Trainers

Trainers offer one of the simplest interfaces in Shark, but also form a very diverse group of algorithms for a range of different settings and applications. Each trainer represents a one-step solver for one certain machine learning problem. Usually, it will adapt the parameters of a model such that it represents the solution to some machine learning or data processing problem given a certain data set.

Some trainers are very simple – for example those training a linear model such that it normalizes the components of all examples in a data set to unit variance. Other trainers are quite complex, for example for some multi-class support vector machines. But in most cases, trainers are used to reach analytical solutions to relatively simple problems which are not stated as an iterative optimization problem underneath.

List of Classes

The base class ‘AbstractTrainer<ModelT, LabelTypeT>’

AbstractTrainer is the base interface for trainers for supervised learning problems. It is templatized with respect to the type of model it trains and the type of label in the data set. The trainer then defines the following types in its public interface:

Types

Description

ModelType

The type of model the trainer optimizes

InputType

The type of inputs the model takes

LabelType

The type of the labels in the data set

DatasetType

The type of dataset that the trainer expects, this is LabeledData<InputType, LabelType>

A trainer offers the following methods:

Method

Description

train(ModelType&, LabeledData<InputType, LabelType>)

Solves the problem and sets the model parameters

std::string name()

Returns the trainer’s name

Usage of trainers is equally straightforward:

MyModel model;
MyTrainer trainer;
MyDataset data;
trainer.train(model, data);  //model now represents the solution to the problem.

The base class ‘AbstractUnsupervisedTrainer<ModelT>’

AbstractUnsupervisedTrainer is the base interface for trainers for unsupervised learning poblems. It only needs to know about the model type, and offers a typedef for the data format:

Types

Description

ModelType

Type of model which the trainer optimizes

InputType

Type of inputs the model takes

DatasetType

The type of dataset that the trainer expects, this is UnlabeledData<InputType>

These trainers also offer the following methods:

Method

Description

train(ModelType&, UnlabeledData<InputType>)

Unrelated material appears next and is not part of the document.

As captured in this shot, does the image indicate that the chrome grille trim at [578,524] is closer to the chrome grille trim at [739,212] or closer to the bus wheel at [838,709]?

Solves the problem and stores it in the model.

std::string name()

Returns the name of the trainer

Weighting

Both variants of trainers also come in a version with support for weighting, AbstractWeightedTrainer and AbstractWeightedUnsupervisedTrainer. Both support an additional verion of train which can use a WeightedUnlabeledData or WeightedLabeledData object which adds an additional weighting factor for each element. This factor must be positive, but does not need to sum to one. Using a weighted dataset with all weights equal will lead to the same result as not weighting the dataset.

Both classes declare a new typedef

Types

Description

WeightedDatasetType

The weighted dataset that the trainer expects, this is WeightedUnlabeledData<InputType> or WeightedLabeledData<InputType,LabeledType>

and the following version of train, additionally to the known versions:

Method

Description

train(ModelType&, WeightedDatasetType)

Solves the weighted problem and stores it in the model.